WHAT IS EXPECTED – In the records below, find the line that contains "Primera matrícula de". Retype that line and all the lines after it through the end, leaving out the pictures.
:::
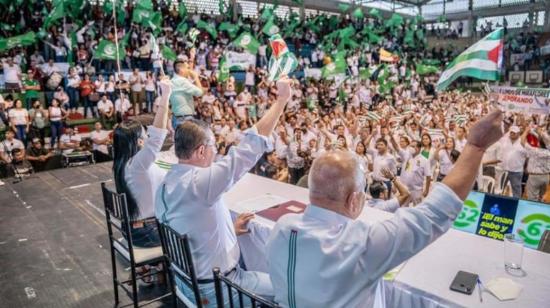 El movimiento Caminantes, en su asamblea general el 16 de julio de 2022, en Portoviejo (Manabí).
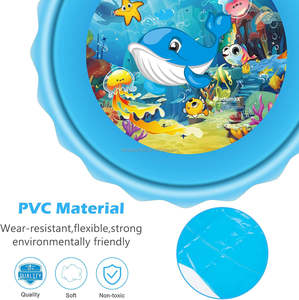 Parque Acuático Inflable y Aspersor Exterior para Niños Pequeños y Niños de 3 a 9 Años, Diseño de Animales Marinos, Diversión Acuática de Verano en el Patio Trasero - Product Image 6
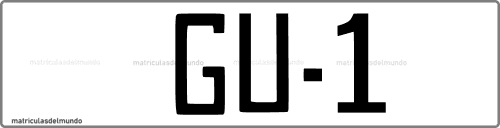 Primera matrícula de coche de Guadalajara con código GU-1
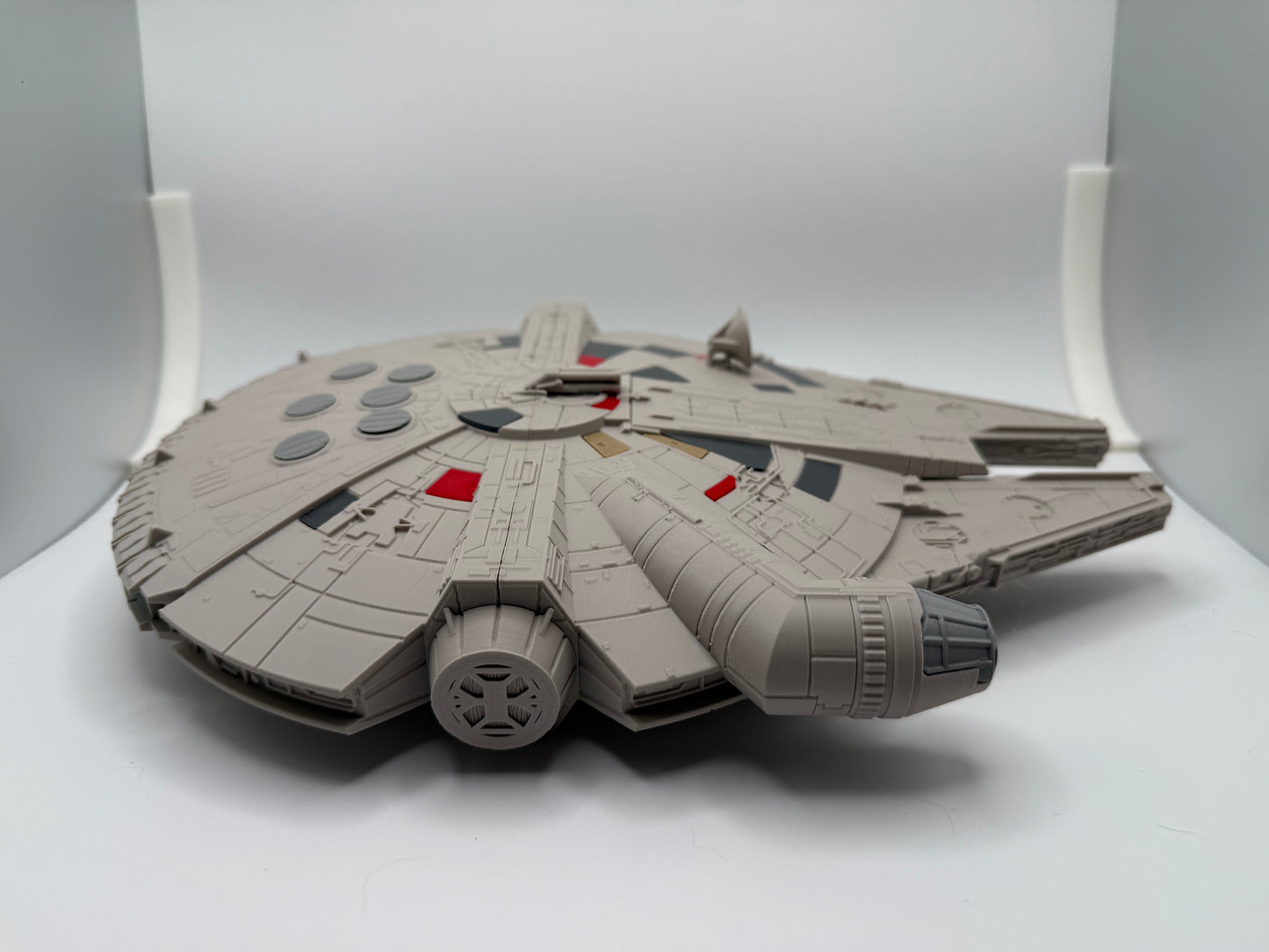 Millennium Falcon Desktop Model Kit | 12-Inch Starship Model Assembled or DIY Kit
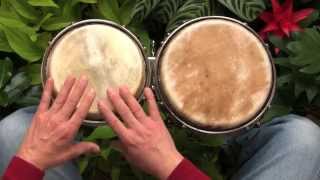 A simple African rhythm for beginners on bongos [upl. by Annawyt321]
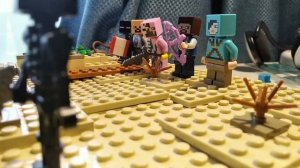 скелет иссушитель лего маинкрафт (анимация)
:::
COMPLETED EXERCISE –
 Primera matrícula de coche de Guadalajara con código GU-1
 Millennium Falcon Desktop Model Kit | 12-Inch Starship Model Assembled or DIY Kit
 A simple African rhythm for beginners on bongos [upl. by Annawyt321]
 скелет иссушитель лего маинкрафт (анимация)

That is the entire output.